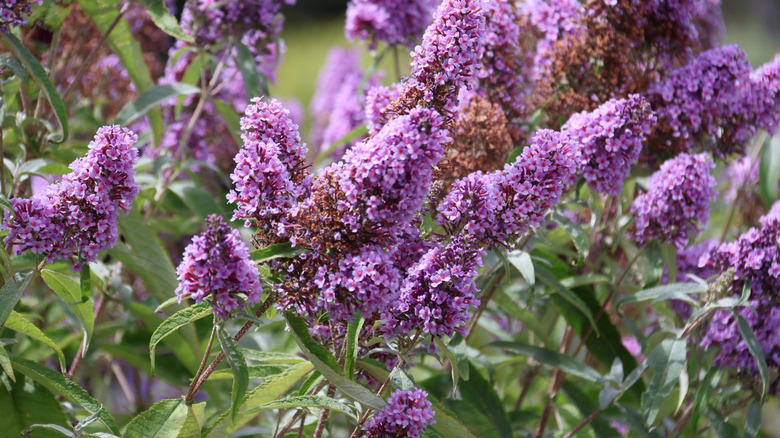 The lilac flowers of a butterfly bush (Buddleja spp.)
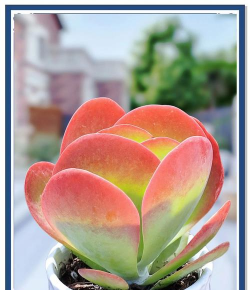 唐印会有什么病 唐印会有什么病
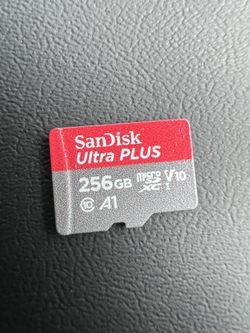 256 GB SD card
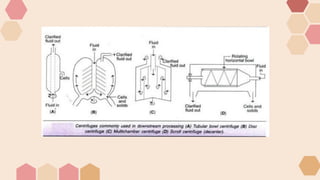 the presentation on downstream processing (DSP).pptx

What you are asked to do: Aside from its pictures, the listing must be given again in full, exactly as it appears.

Reply to the exercise:
 The lilac flowers of a butterfly bush (Buddleja spp.)
 唐印会有什么病 唐印会有什么病
 256 GB SD card
 the presentation on downstream processing (DSP).pptx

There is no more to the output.